Islamabad : The government can only improve its revenue side by creating an environment conducive for economic activity especially in the current unprecedented challenging external and internal circumstances. However, the budget presented by the federal government shows severe lack of any well-thought-out approach in policy- and budget-making in the turbulent times Pakistan is faced with.
These views emerged during a webinar organised by Institute of Policy Studies (IPS) on the 2020-21 federal budget here.
IPS executive president Khalid Rahman said the country was experiencing extraordinary circumstances and in this situation some innovative ideas were expected in the proposed budget.
"Addressing the economic challenges the country is experiencing needs out-of-the-box thinking to boost revenue generation," he said.
The IPS executive president deplored that the country’s actual problem was governance deficit, which was going from bad to worse.
“Examples of this can be seen in the petrol shortages and healthcare issues during the pandemic,” he said.
Economic policy analyst Zaheeruddin Dar expressed concern that a 27 per cent increase in FBR revenue was unrealistically expected in the budget.
He said the FBR tax collection target had been set at Rs4.963 trillion, while the revised estimate of the closing year was Rs3.908 trillion.

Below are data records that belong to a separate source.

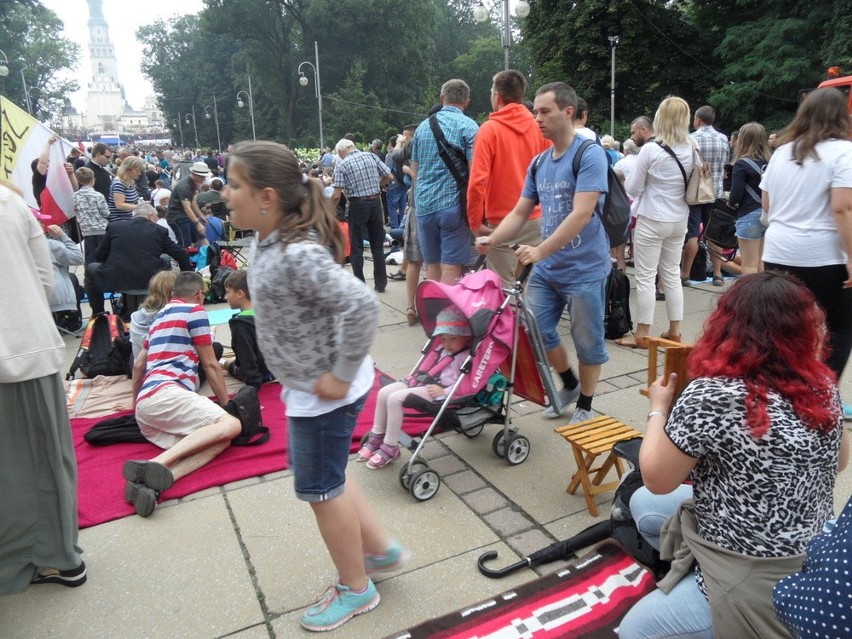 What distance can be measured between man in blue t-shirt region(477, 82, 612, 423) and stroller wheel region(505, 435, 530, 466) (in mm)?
328

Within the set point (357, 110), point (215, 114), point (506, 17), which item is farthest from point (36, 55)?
point (506, 17)

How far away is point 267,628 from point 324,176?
13970 mm

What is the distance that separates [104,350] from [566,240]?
4142mm

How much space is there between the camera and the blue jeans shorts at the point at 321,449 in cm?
220

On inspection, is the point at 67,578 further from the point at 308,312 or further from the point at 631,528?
Answer: the point at 631,528

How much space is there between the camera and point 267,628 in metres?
2.50

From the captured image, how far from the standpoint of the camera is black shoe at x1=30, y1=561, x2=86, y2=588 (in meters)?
2.79

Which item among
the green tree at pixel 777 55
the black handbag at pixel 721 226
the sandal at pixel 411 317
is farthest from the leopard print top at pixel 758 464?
the green tree at pixel 777 55

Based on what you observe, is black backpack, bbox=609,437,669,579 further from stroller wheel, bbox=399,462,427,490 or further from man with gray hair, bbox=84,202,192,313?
man with gray hair, bbox=84,202,192,313

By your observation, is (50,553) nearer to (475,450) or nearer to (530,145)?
(475,450)

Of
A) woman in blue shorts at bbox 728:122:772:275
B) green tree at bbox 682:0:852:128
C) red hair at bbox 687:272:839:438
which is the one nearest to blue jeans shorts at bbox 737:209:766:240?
woman in blue shorts at bbox 728:122:772:275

"In the current situation, even collecting Rs3.5 trillion would be a miracle," he said.
The expert said all FBR revenues were consumption related including sales tax and customs duty.
He said tax collection would not increase without generation of economic activity.
“More revenue cannot be collected just by hiking tax rates,” he said.
Zaheeruddin Dar said over the years, Pakistan had not invested in those sectors that could generate additional revenue.
Former water and power secretary Mirza Hamid Hasan seconded Dar's point saying the government has projected a 27 per cent increase in tax revenue collection next year without any changes in the tax structure or collection system.
Discussing the pressures in which the current budget has been made, chief macroeconomics at the Planning Commission Zafarul Hassan Almas said the financial constraints could be seen in the federal budget and how the government aimed to support growth with a large fiscal deficit was beyond comprehension.
Senior research fellow at IPS Syed Muhammad Ali said Pakistan should collaborate with other countries affected by locust swarms to make provisions in a more effective way during budget-making.
Former ambassador Tajammul Altaf said the size of the COVID-19 budget had been set at Rs7.137 trillion of which 41 per cent would be spent on repayment of loans and 12.7% on defence, which was more than half of the total.
He said unless there was a concerted effort to reduce loans, even the best budget-maker in the world would not be able to move things in the right direction.
Former DG of the International Institute of Islamic Economics, International Islamic University, Dr Atiquzzafar Khan and Assistant Professor of the Quaid-i-Azam University Dr Anwar Shah also spoke on the occasion.